Instructions to follow
Reproduce without any pictures the lines from the one that contains "Фото - Ткани" through the end of the records, exactly as written.

Records shown
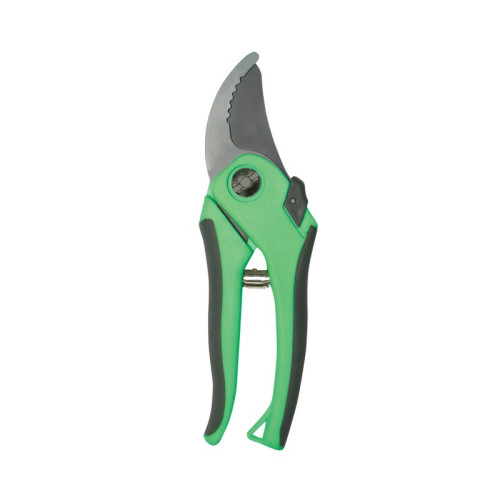 Секатор Farina 93203, 205 мм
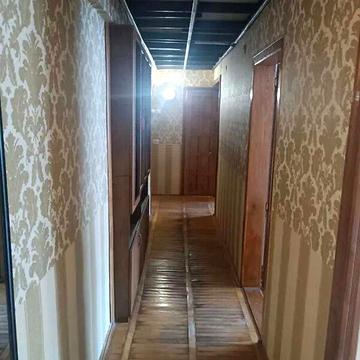 Продаж 3к Квартира Тисменицька вулиця
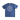 PURE HUMAN TORQUE T-SHIRT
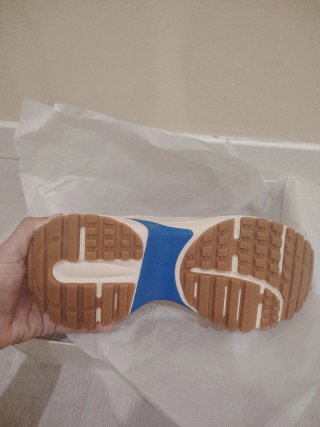 Deportivas Calvin Klein Talla 39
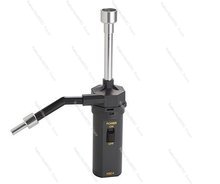 Food Smoking Gun Complete Kit  – обзор и цена Smoking Gun Kit
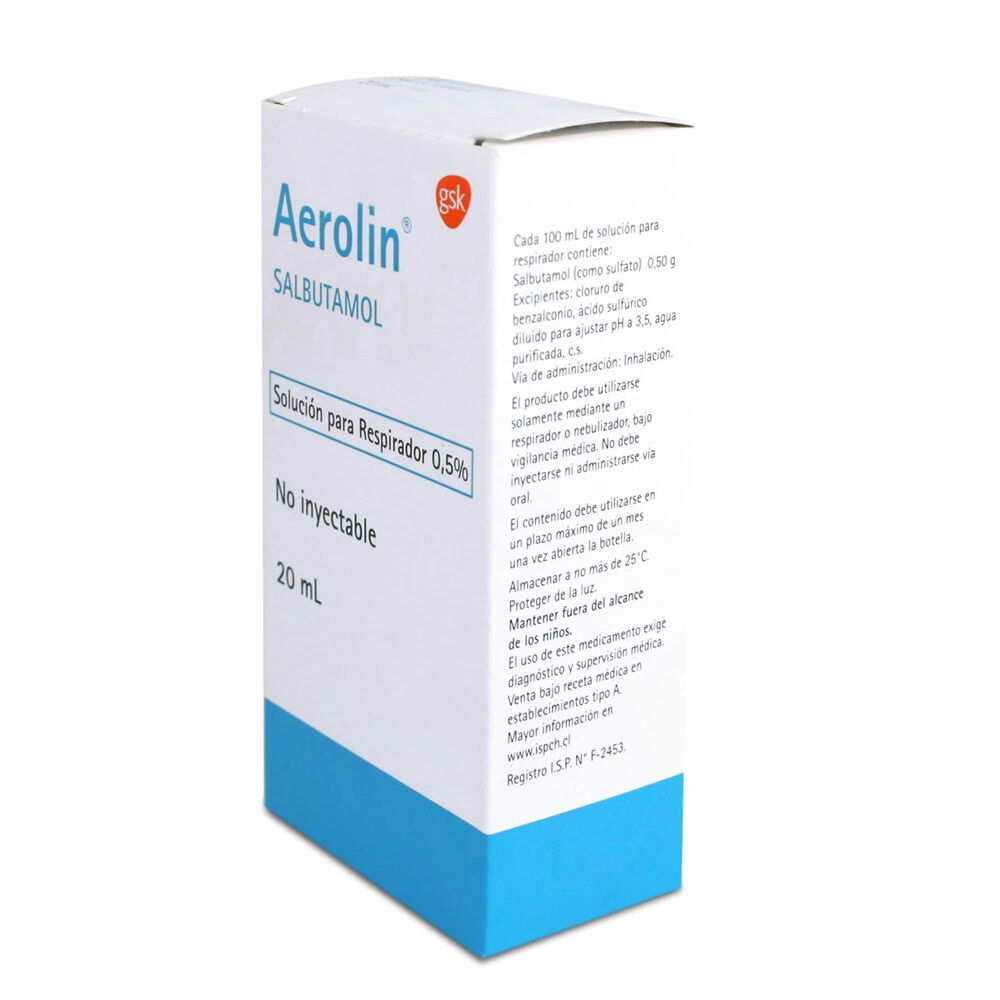 Aerolin-Salbutamol-0,5%-Solución-para-Respirador-20-mL-imagen-2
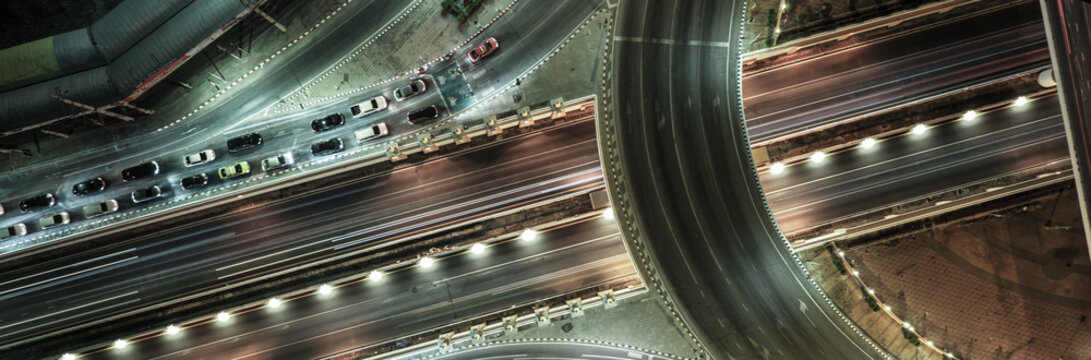 The Autonomous Grid AI-Driven Expressways, Smart Roads The IoT Traffic Revolution, Future Flow Self-Driving Car Networks, Hyper-Connected Highways Inside the AI Intersectio, The Digital Interchange GP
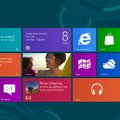 15. oktoobri raadiosaade Digitund: kas Windows 8 on tõsiseks tööks kõlbulik?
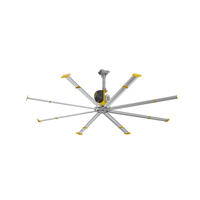 ksa/images/productimages/jgb-company-llc/ceiling-fan/powerfoil x4-hvls-industrial-fan-16-ft.webp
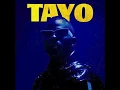 Musa Keys -  Selema Po Po feat  Loui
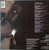 Miles Davis – Decoy (LP used Canada 1984 VG+/VG)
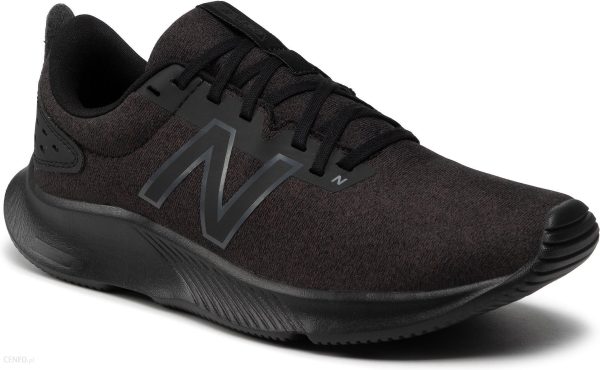 Sneakersy NEW BALANCE - ME430LK2 Czarny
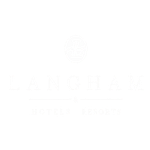 The Langham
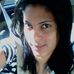 Profile Picture of Adalgiza Rodriguez Ferreira (@adalgiza.rodriguezferreira) on Facebook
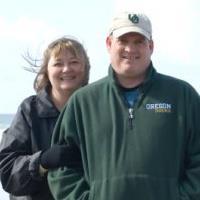 Terry Pickerel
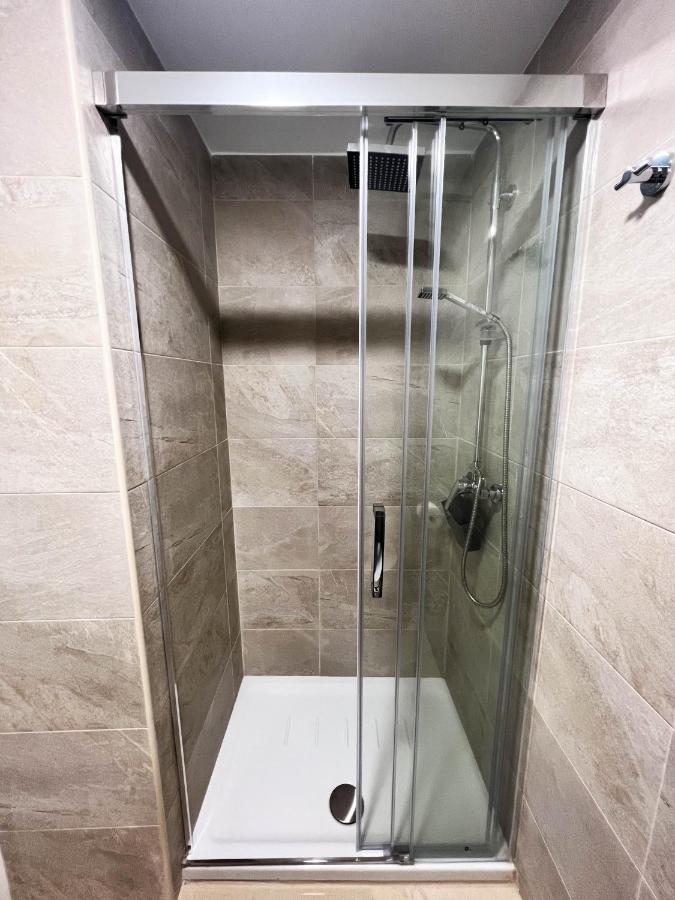 Apartamento Tropical Y Lujoso Complejo Oropesa del Mar Exterior foto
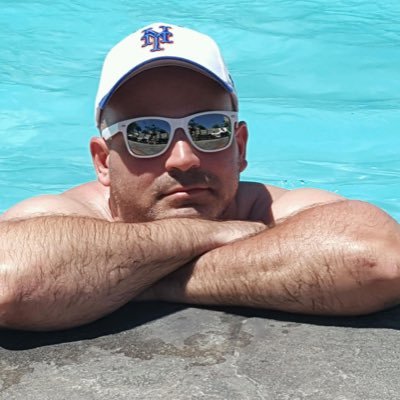 Profile Picture of Joseph Barbieri (@Jbarbieri28) on Twitter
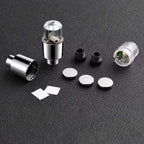 Kalsten | Tire Valve LED Caps 4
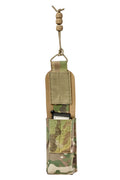 Sentry SENTRY Tourniquet Medical Pouches
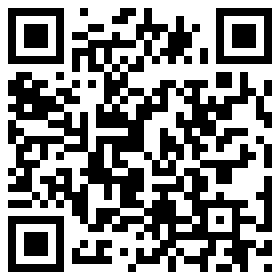qrcode für Moeller +NA - EATON option UL/CSA 105864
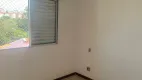 Foto 8 de Apartamento com 2 Quartos para alugar, 70m² em Vila Jardini, Sorocaba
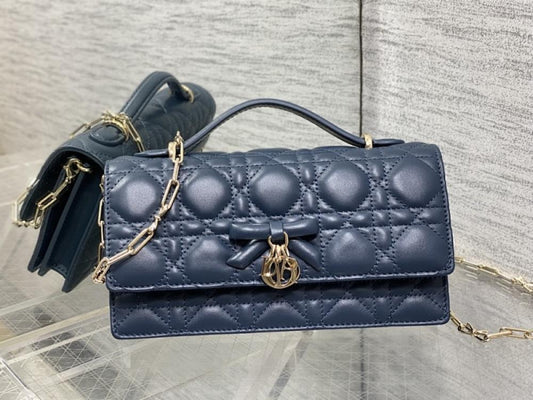 Lambskin Wallet Style 1878147054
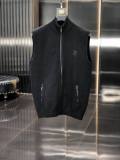 DG Sweater M-3XL  (7)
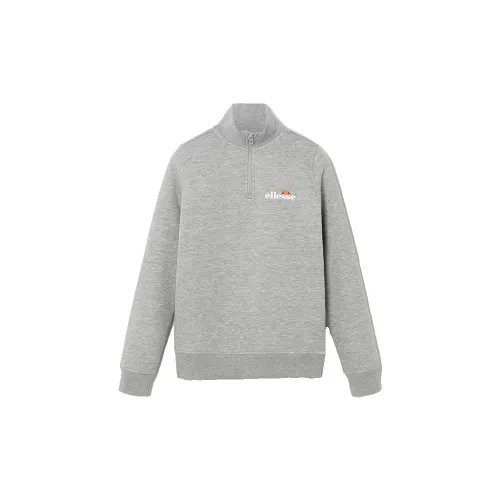 엘레쎄 Liccentia Funnel Neck 자켓 143558329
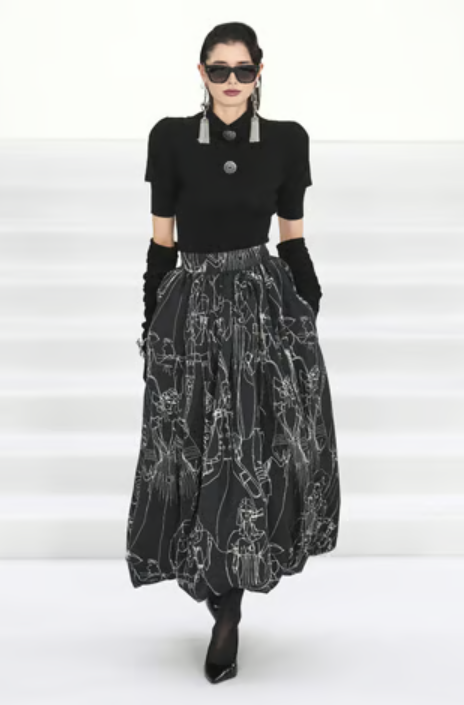 Screenshot 2026-02-19 234733.png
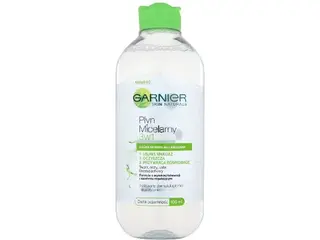 Produktfoto för Garnier Micellar Cleansing Water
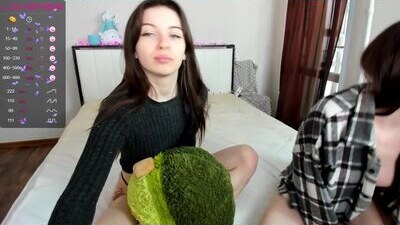 _sweet_bb public webcam profile photo 10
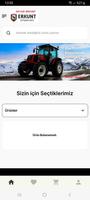 Erkunt Yedek Parça 海报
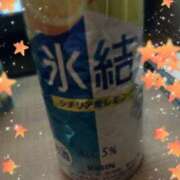 ヒメ日記 2025/03/14 18:56 投稿 まゆみ 熟女の風俗最終章 池袋店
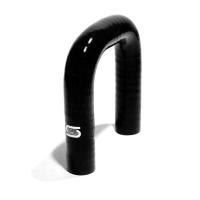 16mm Elbow - 180°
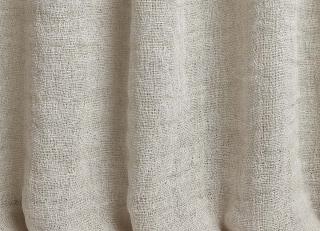 Фото - Ткани Lizzo Tempo  - 579586>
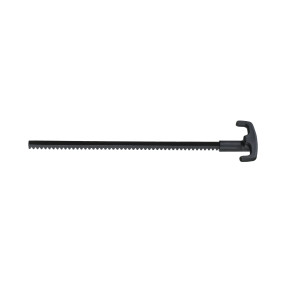 Crémaillère de piston Milwaukee CGun Plunger Rod | 4932352937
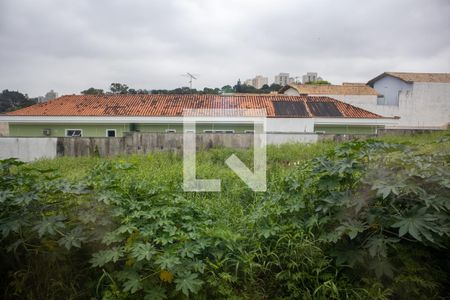 Vista de casa de condomínio à venda com 2 quartos, 70m² em Vila Mazzei, São Paulo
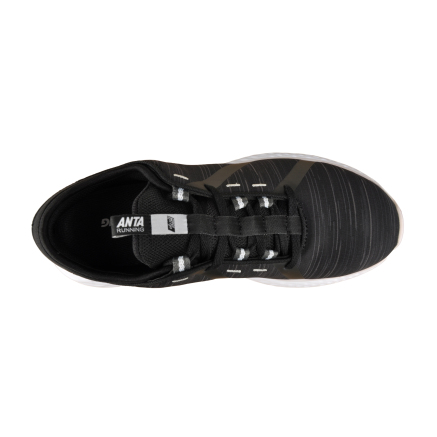 Кросівки Anta Running Shoes - 100606, фото 5 - інтернет-магазин MEGASPORT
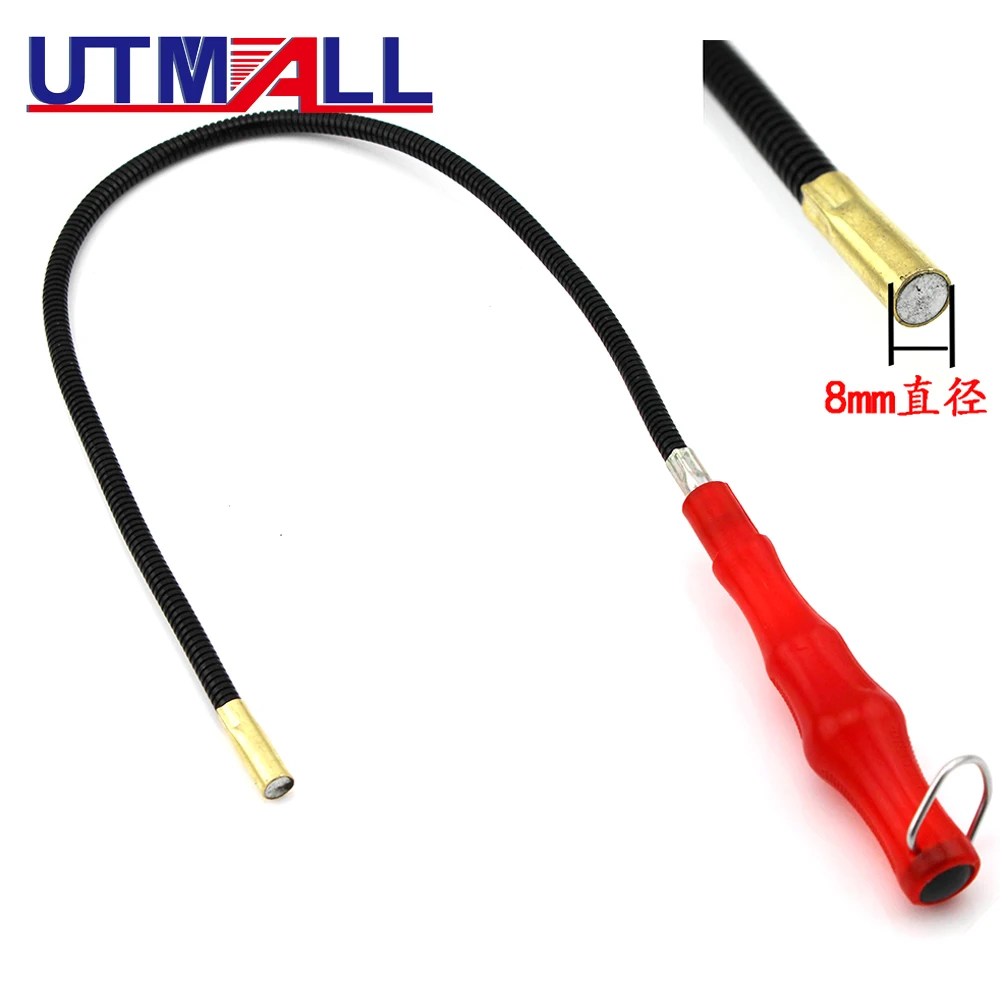

5LBS Flexible Magnetic Pick Up Tool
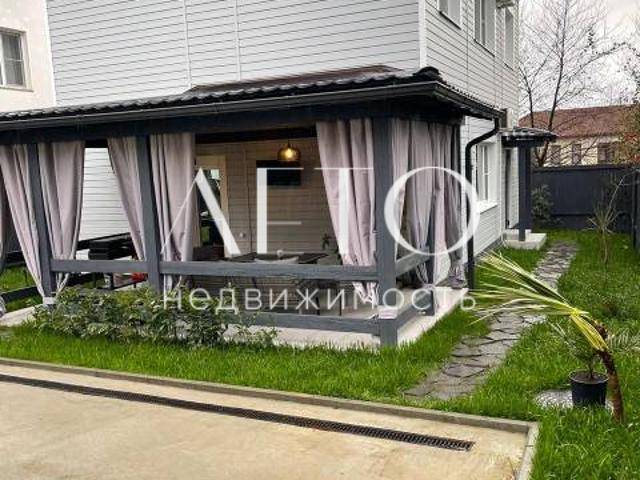Квартира продажа в Верхневеселое С, Краснодарский Край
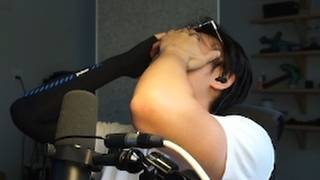 BTMC forgot how to stream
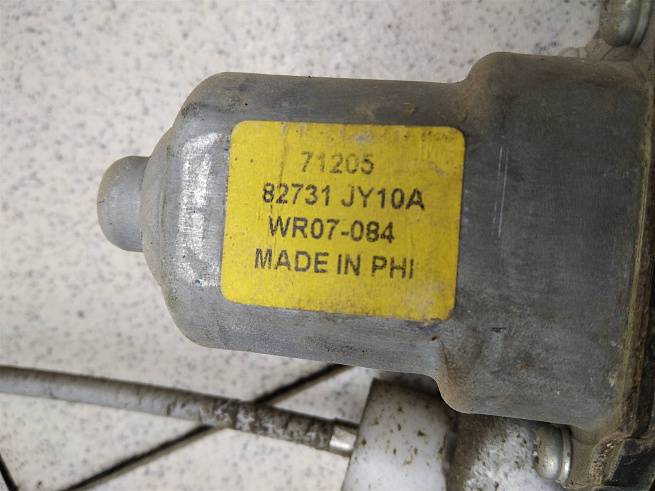  827214390R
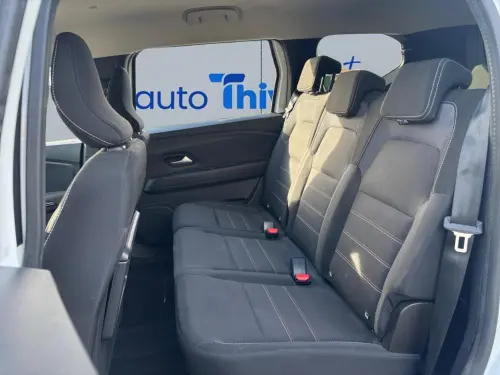 Dacia Jogger ECO-G 100 7 places SL Extreme - Photo 15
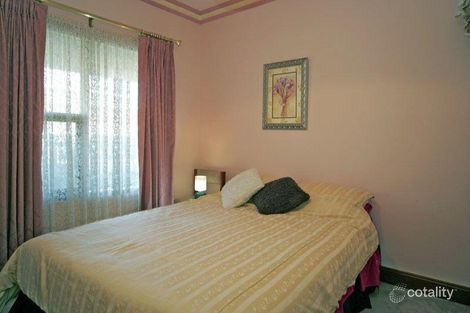 Property photo of 16 Brooke Street Broadview SA 5083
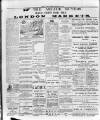 Kerry News Tuesday 21 March 1899 Page 4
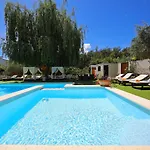 Mirakul Apartamento Zadar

Response to the task
 Фото - Ткани Lizzo Tempo  - 579586>
 Crémaillère de piston Milwaukee CGun Plunger Rod | 4932352937
 Vista de casa de condomínio à venda com 2 quartos, 70m² em Vila Mazzei, São Paulo
 Кросівки Anta Running Shoes - 100606, фото 5 - інтернет-магазин MEGASPORT

5LBS Flexible Magnetic Pick Up Tool
Квартира продажа в Верхневеселое С, Краснодарский Край
 BTMC forgot how to stream
  827214390R
 Dacia Jogger ECO-G 100 7 places SL Extreme - Photo 15
 Property photo of 16 Brooke Street Broadview SA 5083
 Kerry News Tuesday 21 March 1899 Page 4
 Mirakul Apartamento Zadar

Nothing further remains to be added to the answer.